## THE DATA
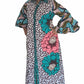 Desiree Fleur Ankara Dress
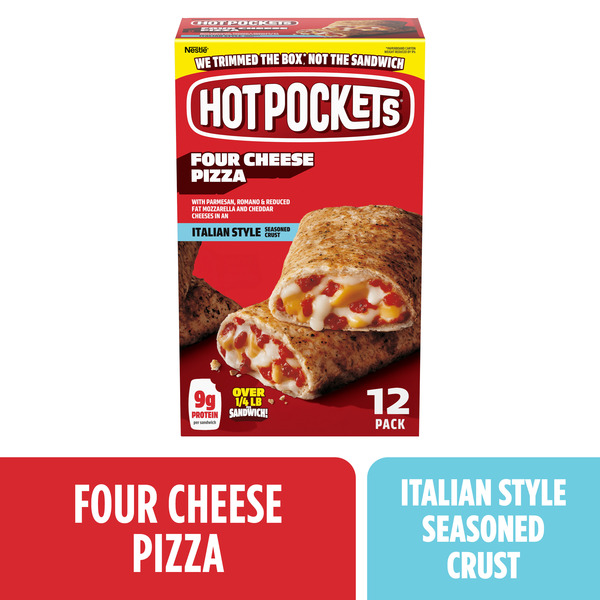Hot Pockets Four Cheese Pizza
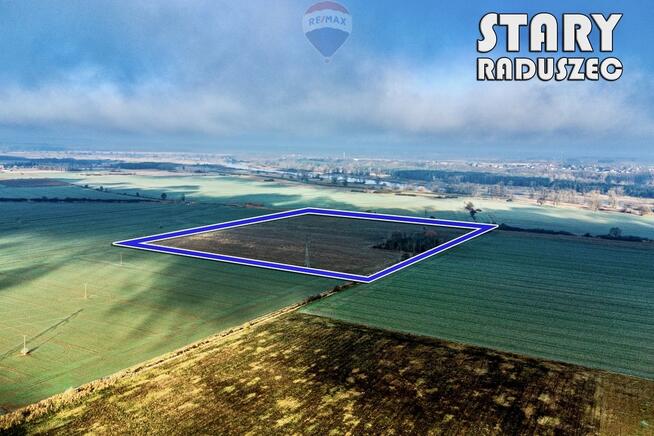 Na sprzedaż grunty orne RIIIa 8,75 ha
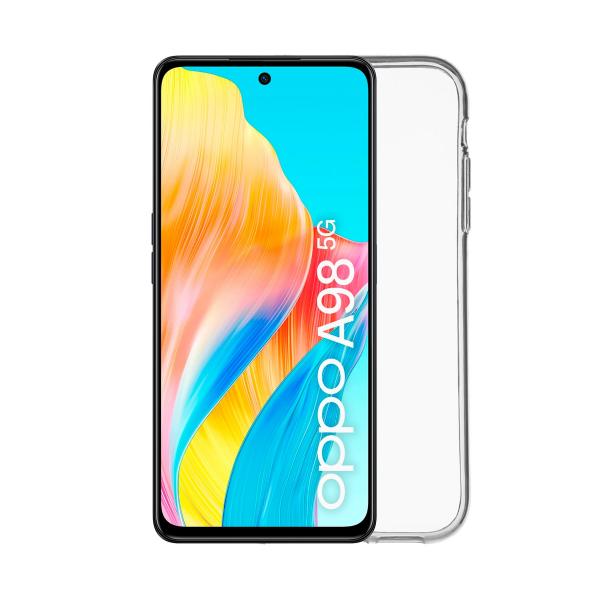 Jc Transparent Silicone Back / Oppo A98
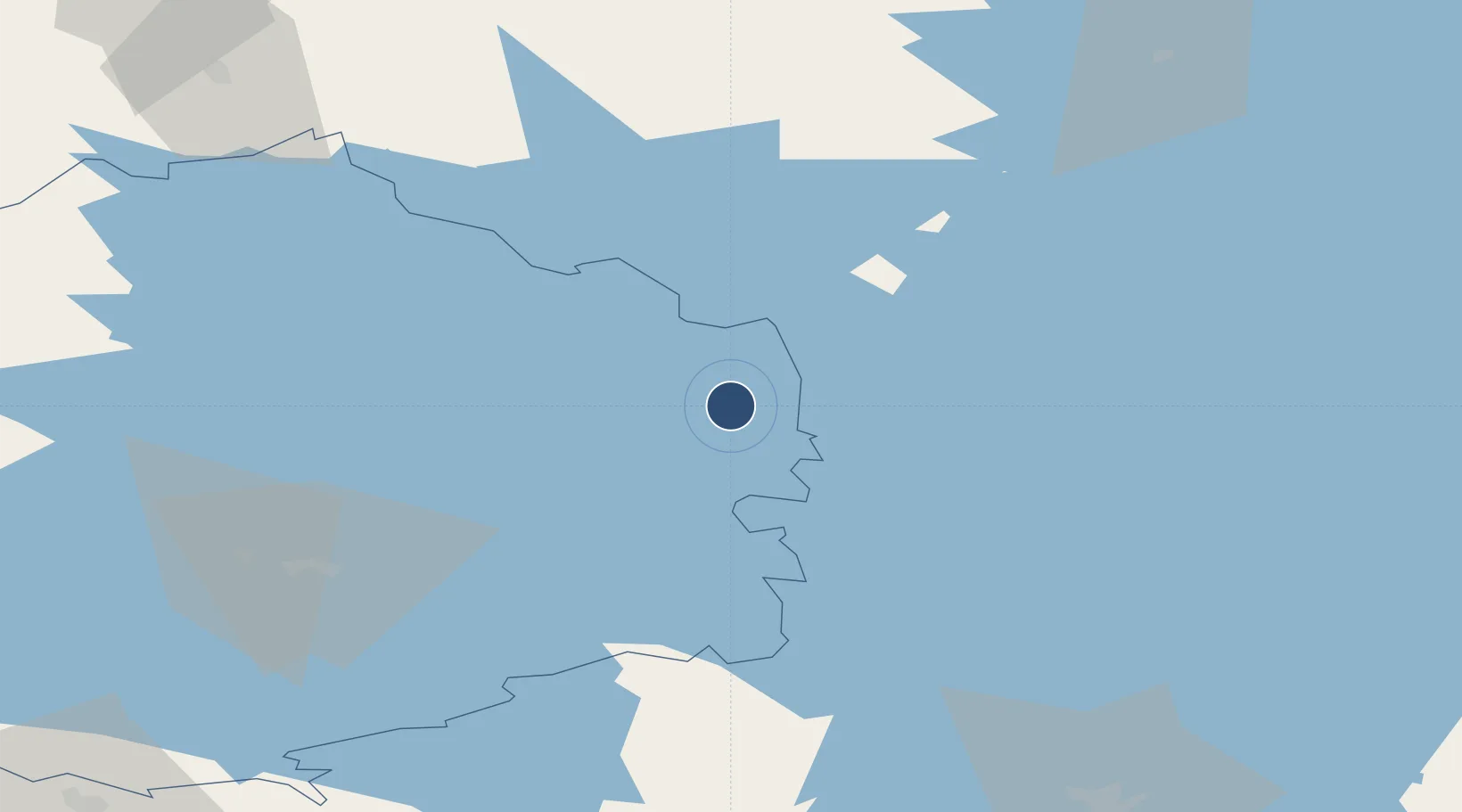 Location of EFHA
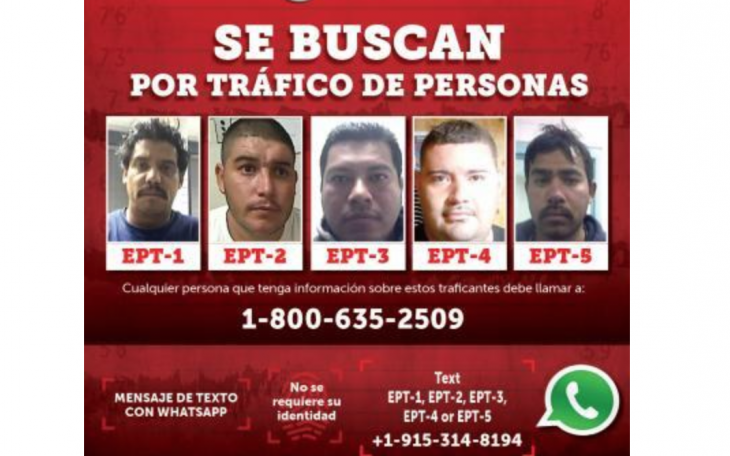 El Paso Human Traffickers Targeted by Border Patrol (Contributed/CBP)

## EXERCISE REQUIREMENTS
Pictures are not part of the answer. Restate word for word the lines from the one with "Location of EFHA" through the last line of the records.

## EXERCISE OUTPUT
 Location of EFHA
 El Paso Human Traffickers Targeted by Border Patrol (Contributed/CBP)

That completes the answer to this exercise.